MATERIAL PROVIDED Block Start
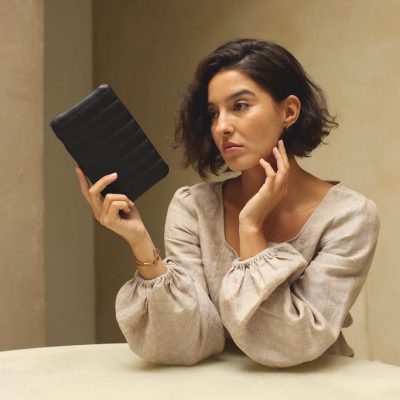 etui toilettas zwart vegan leather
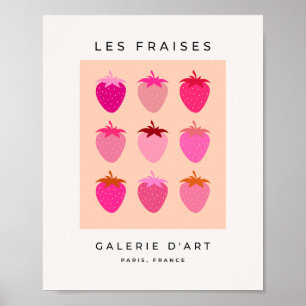 Les Fraises 02 Rosa and Orange Preppy Strawbär Poster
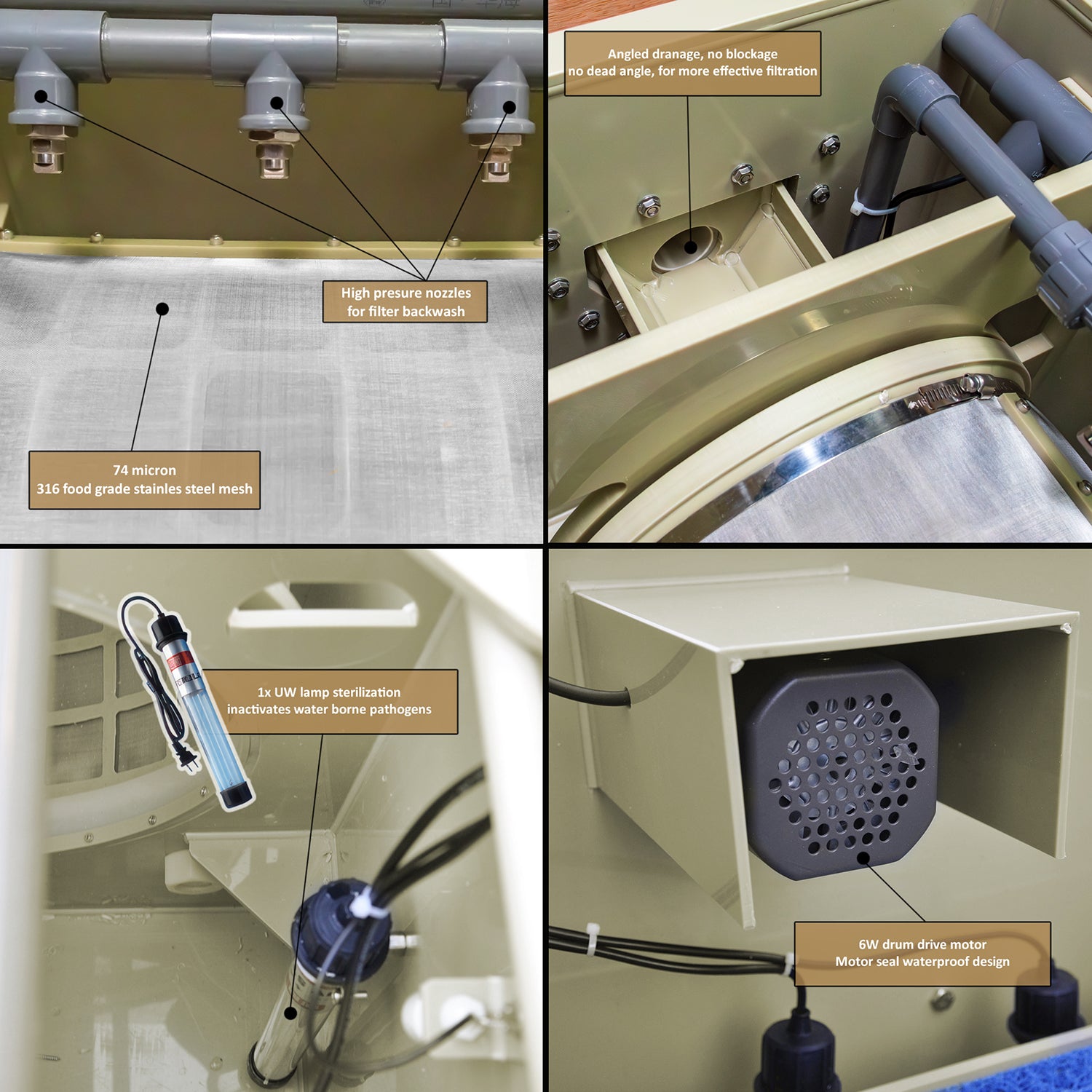 Macro Drum Pond Filter with Filter Media, Integrated Filtration Equipment, 5 Tons 1300 GPH Efficient Filter Media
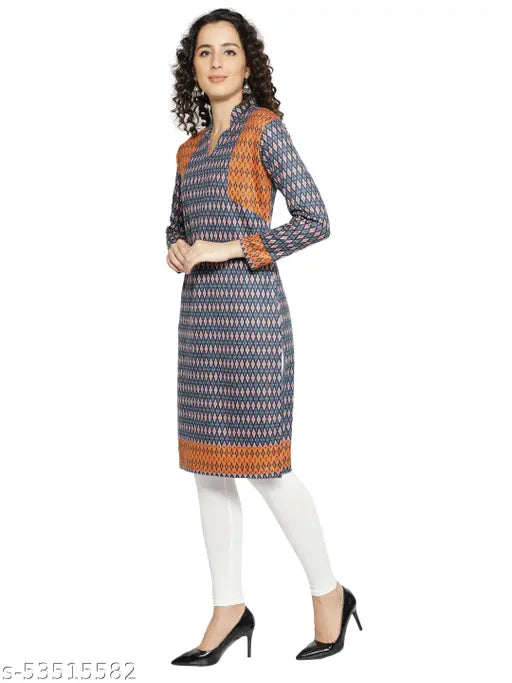 Blue woolen traditional winter ALine kurti dress: intricate prints on three-quarter sleeve, vintage v-neck for women's wear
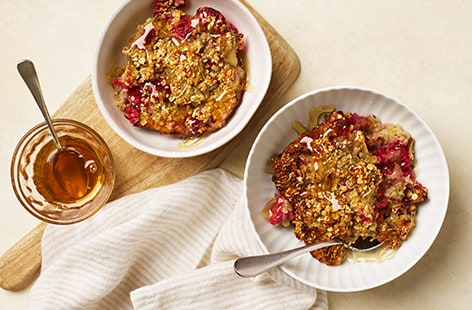 Image of "Pear and raspberry baked oats"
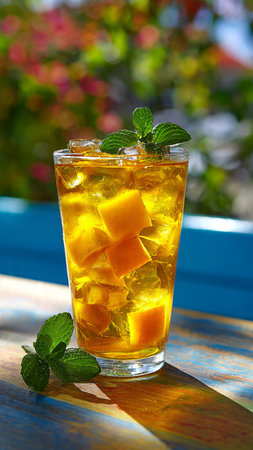 Mango ice tea with mint in a glass on the terraceの写真素材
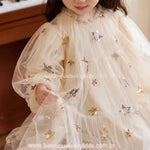 Vestido Infantil Encanto das Estrelas com Tule Bege - Boutique Baby Kids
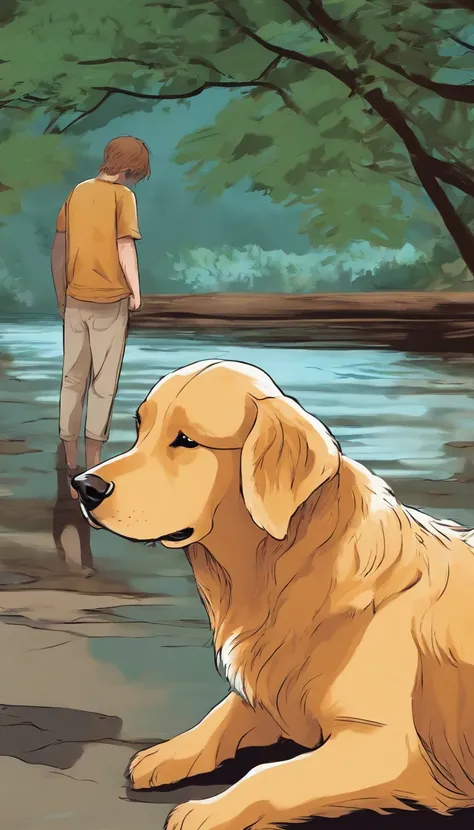 A golden retriever looks at its weeping owner，Anime comic style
MATERIAL PROVIDED Block End
_WORK TASK_:
Return exactly the part of the listing above that opens with the line containing "Les Fraises 02" and closes with the line containing "and raspberry baked". Pictures stay out.

_FINISHED TASK_:
 Les Fraises 02 Rosa and Orange Preppy Strawbär Poster
 Macro Drum Pond Filter with Filter Media, Integrated Filtration Equipment, 5 Tons 1300 GPH Efficient Filter Media
 Blue woolen traditional winter ALine kurti dress: intricate prints on three-quarter sleeve, vintage v-neck for women's wear
 Image of "Pear and raspberry baked oats"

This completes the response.